_Task description_.
Every line below from the one containing "ĐẦM MAXI TẦNG THỔ CẨM (KÈM VIDEO HÌNH THẬT)" through the one containing "Lowcountry Wellness Club Tee on a navy tee" is to be printed exactly, with the pictures omitted.

_Input records_.

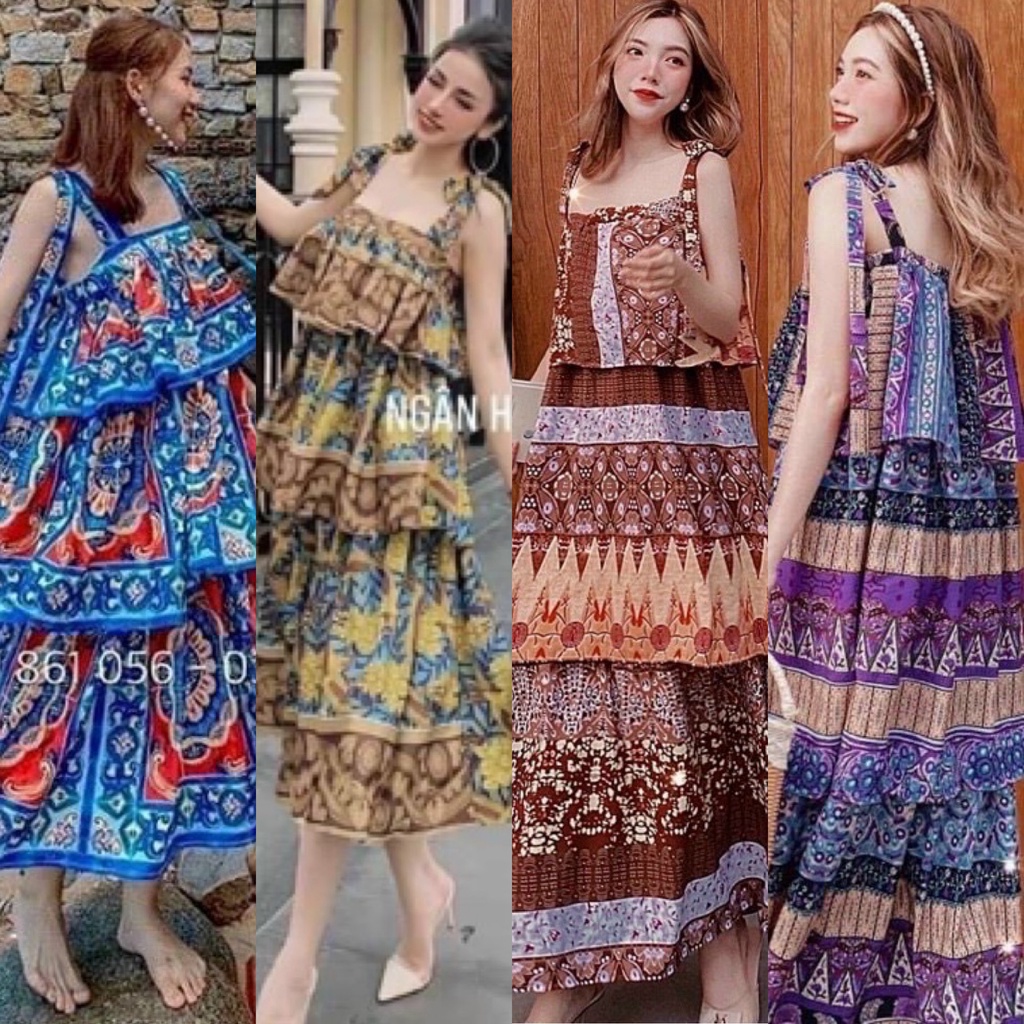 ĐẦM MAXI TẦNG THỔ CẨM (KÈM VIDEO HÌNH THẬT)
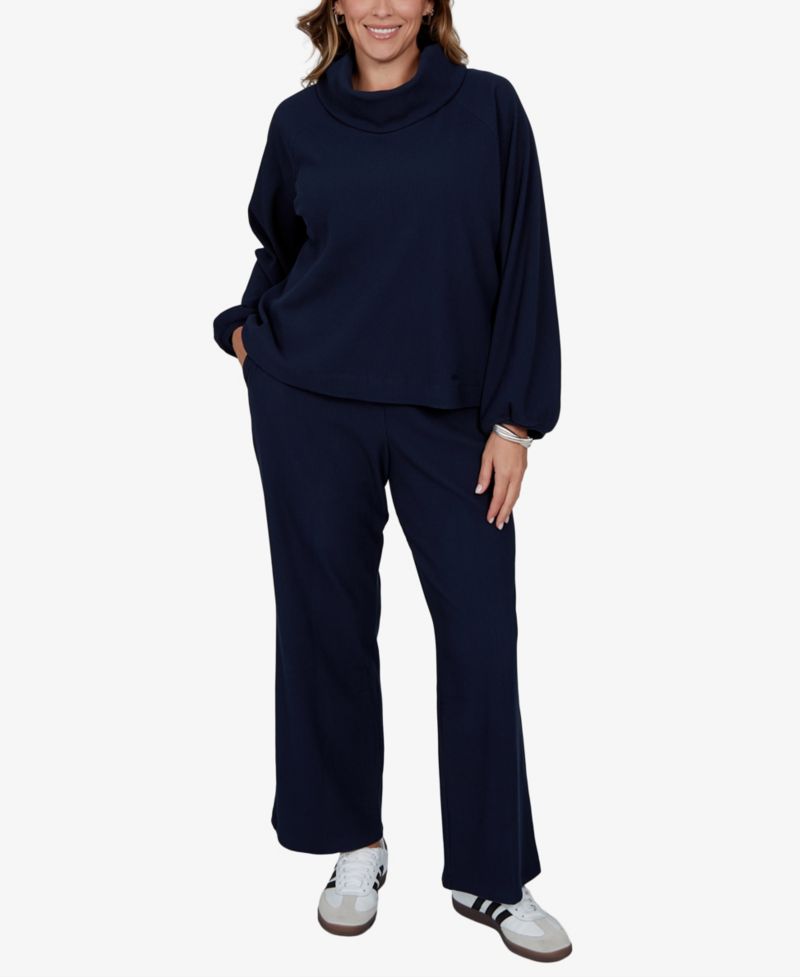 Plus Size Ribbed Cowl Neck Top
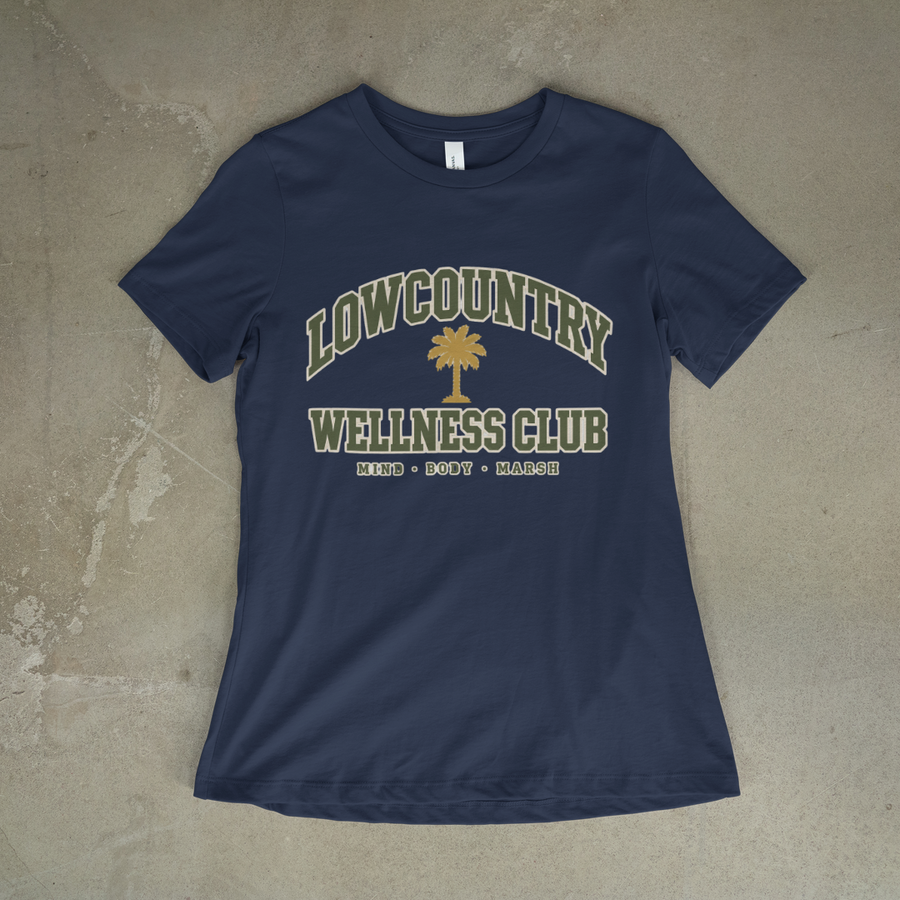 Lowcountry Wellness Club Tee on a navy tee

---

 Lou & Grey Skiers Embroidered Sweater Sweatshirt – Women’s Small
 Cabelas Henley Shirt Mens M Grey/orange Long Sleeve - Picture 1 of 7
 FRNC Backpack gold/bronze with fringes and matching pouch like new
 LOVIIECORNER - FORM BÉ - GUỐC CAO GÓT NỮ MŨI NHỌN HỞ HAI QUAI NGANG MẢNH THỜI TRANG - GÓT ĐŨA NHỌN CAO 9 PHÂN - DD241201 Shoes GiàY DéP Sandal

...

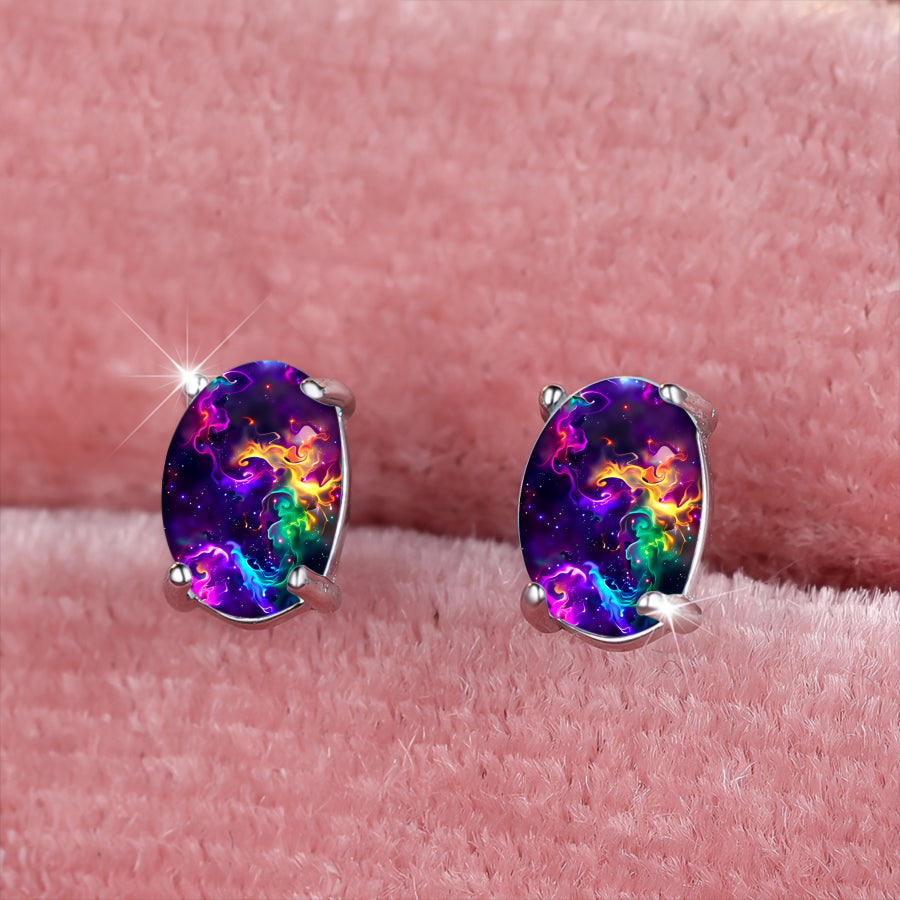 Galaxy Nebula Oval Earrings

_Solution for this task_.
 ĐẦM MAXI TẦNG THỔ CẨM (KÈM VIDEO HÌNH THẬT)
 Plus Size Ribbed Cowl Neck Top
 Lowcountry Wellness Club Tee on a navy tee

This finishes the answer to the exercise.